The Baltimore Post received the following letter from Attorney Ronald Schaeffer regarding the North Point Government Center.

The letter is published as written.

In addition to Mr. Schaeffer’s letter, the Post received an early morning call from an angry citizen of Baltimore City about the road conditions in the area of North Avenue and Fulton Ave.

In the article, “Olszewski encourage talks” (10-14-19), Baltimore County Executive Olszewski contends it would take tens of millions of dollars to renovate or repair the existing facilities at North Point Government Center Park in Dundalk. This bald assertion begs several questions. Has the County ever commissioned an impartial expert to perform a comprehensive evaluation of the existing facility, as has been requested by the community? North Point’s historic brick building is one of the oldest public structures in the area. It was constructed to serve the needs of a booming school population during the post-WWII years when Bethlehem’s steel was king. After the school doors closed for good, the Dundalk Chorus of the Chesapeake scrapped, scrubbed, and washed down the performance hall so recreation programs could have a home. Volunteer program leaders made over other parts of the building, so kids had a place to play. Has any consideration been given to conducting a robust community meeting to determine what else the residents would like to see at this site? The arts, local history, and environmental possibilities are unlimited.
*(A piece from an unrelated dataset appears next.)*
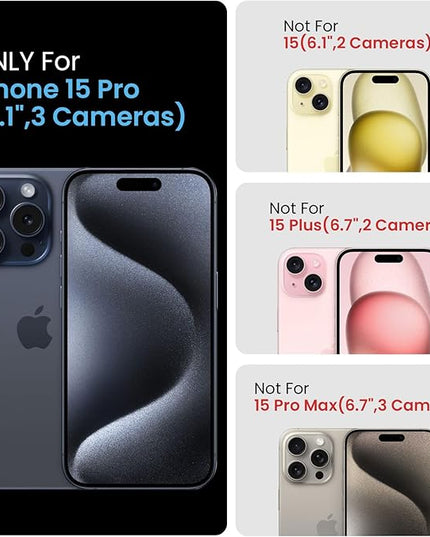 FireNova Designed for iPhone 15 Pro Case, Silicone Upgraded [Camera Protection] Phone Case with [2 Screen Protectors], Soft Anti-Scratch Microfiber Lining Inside, 6.1 inch, White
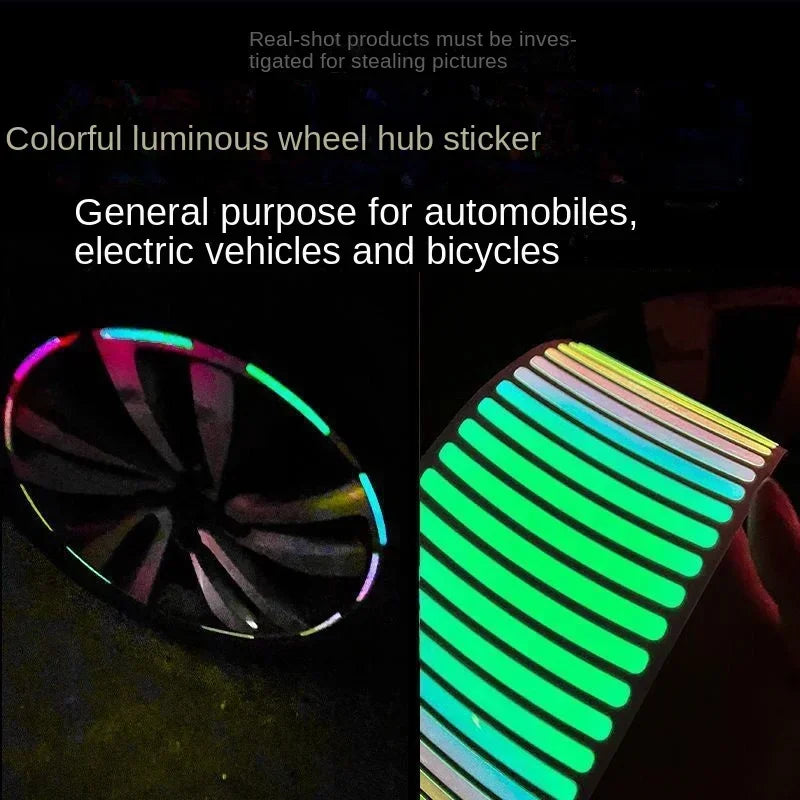 Car Wheel Hub Reflective Stripes Door Safety Opening Warning Sticker Auto Rear Warning Reflective Tape Car Accessories Gadget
What money is currently budgeted for North Point? What (if any) effort has been made to engage our state government in assisting with such a worthwhile project? What effort has been made to research grant potential? Has consideration been given to completing a state-of-the-art community facility in phases – as has been the case with many capital projects? The County Executive often refers to his intent to make Baltimore County better. We would argue why not the best for our community? As RFK once stated, “Some men see things as they are, and ask why. I dream of things that never were and ask why not.” Why not the BEST for Dundalk, Mr. Olszewski?

The County Executive mentioned a significant risk of litigation if it backed out of the proposed contract. It is important to note that local citizens advised the County of the requirement of PRIOR Board of Public Works approval for the proposed contract, and requested them to delay voting until approval was granted. An arrogant County Council (which did not yet include Councilman Crandell) railroaded the vote through in December 2013, without consulting the Board. To add insult to injury, in November 2014, the same arrogant and lame-duck County Council (over the objections of incoming Councilman Crandell) amended the original contract and railroaded it through without BPW approval. Litigation is always possible and sometimes necessary.

By ignoring the legal requirement and putting the cart before the horse, the County and the proposed developer decided to roll the dice and take the Board of Public Works for granted. Does the saying “Live by the sword. Die by the sword” come to mind?

While there are no guarantees as to who would win any legal dispute, most citizens would respect and appreciate any elected official who “fights the good fight”. Few things are more important than preserving our environment and open space for future generations. Wouldn’t that be a great legacy for any elected official? Some things are priceless!